Though the Hong Kong Special Administrative Region government has said on many occasions that it has completely halted the amendment of two ordinances concerning the transfer of fugitives, protesters continued to escalate violence and cause mayhem in the city.

Here is a timeline of the activities that challenge the rule of law, disrupt social order, and undermine national sovereignty and the "one country, two systems" principle.

Challenges

The demonstrations repeatedly became violent clashes under the instigation of individuals with ulterior motives. Some repeatedly mounted attacks on police. They surrounded Hong Kong Police Headquarters, disrupted government agencies and ransacked the Legislative Council building.

· On June 9, demonstrators started to protest against the proposed amendments. In the small hours of June 10, well-organized protesters started attacking the LegCo building, blocking roads and assaulting police officers. They clashed with police, with some attempting to rob officers of their guns. Eight policemen were injured.

· On June 12, an illegal rally started around Admiralty, and some radical members stayed around the LegCo building until midnight.
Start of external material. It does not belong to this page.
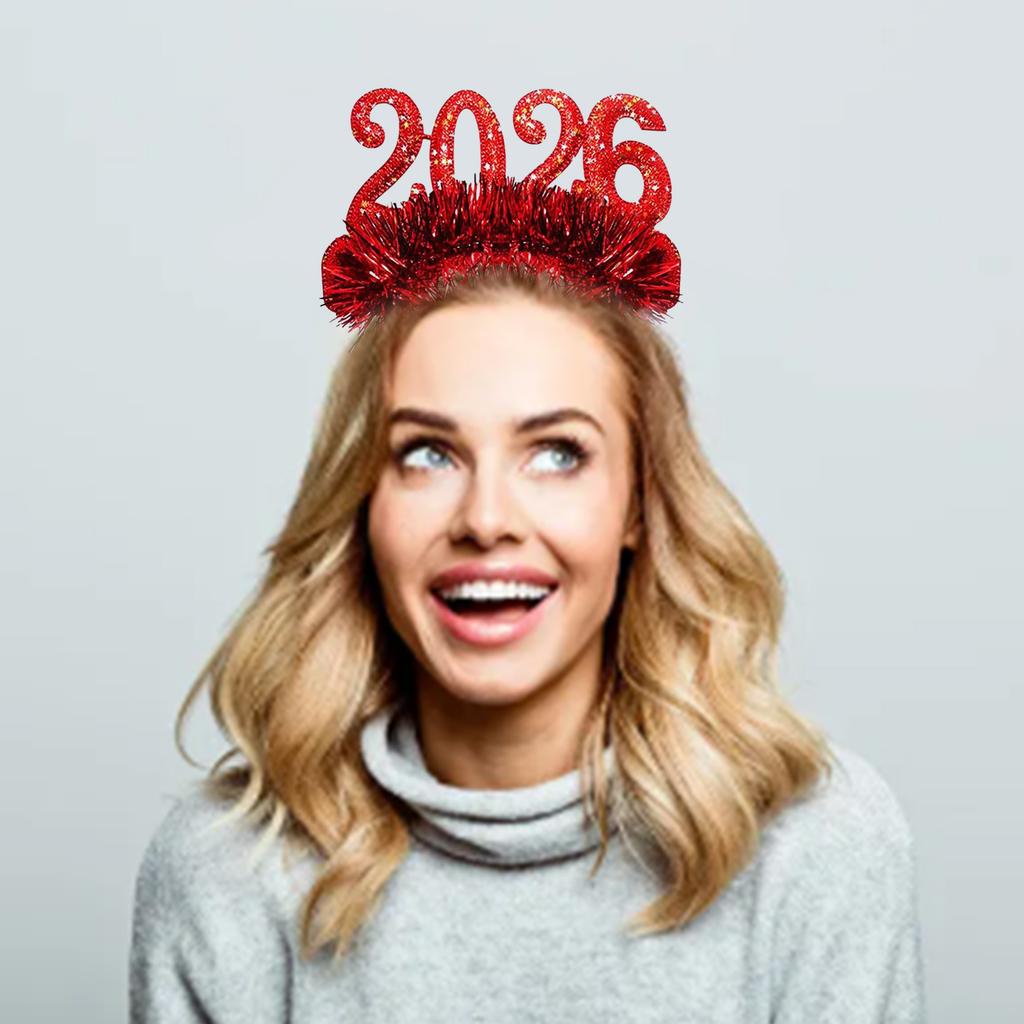 Glittering 2026 New Year Headband With Festive Number Decors For Adults Kids Holiday Parties Christmas Celebrations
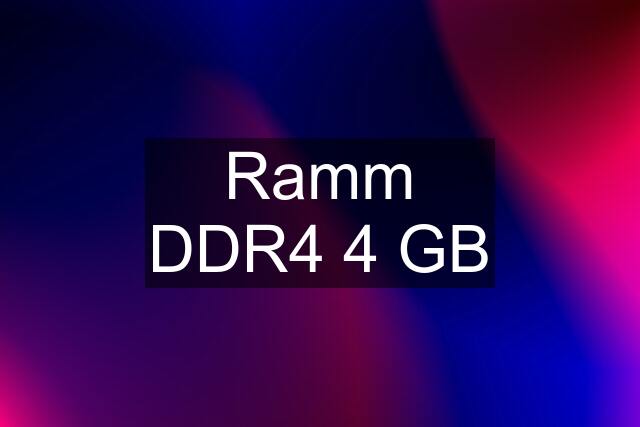 Ramm DDR4 4 GB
Well-organized protesters assaulted officers with bricks, homemade spears and even petrol bombs, injuring 22 police officers. Though police exercised restraint, the protesters continually assaulted their lines and forced police to use appropriate force to disperse demonstrators.

· On June 21, even after the HKSAR government announced that it had halted the amendments, violence continued. Extremist protesters surrounded police headquarters and wreaked havoc, and blocked the public from using services at Revenue Tower and Immigration Tower. Then they blocked Hong Kong government offices and the High Court.

· On June 26, some people instigated demonstrators to storm police headquarters for the second time. They repeated similar savage behaviors. Opposition lawmakers were once again present to provide support. The personal details of some police officers were illegally leaked online.

· On July 1, rioters blocked roads and threw corrosive liquids at police officers. They ransacked the LegCo building and assailed police with toxic chemical powder. They extensively damaged the council chamber, defaced the HKSAR regional emblem, tore up the Basic Law, waved a colonial-era flag and even called for the establishment of a so-called interim government.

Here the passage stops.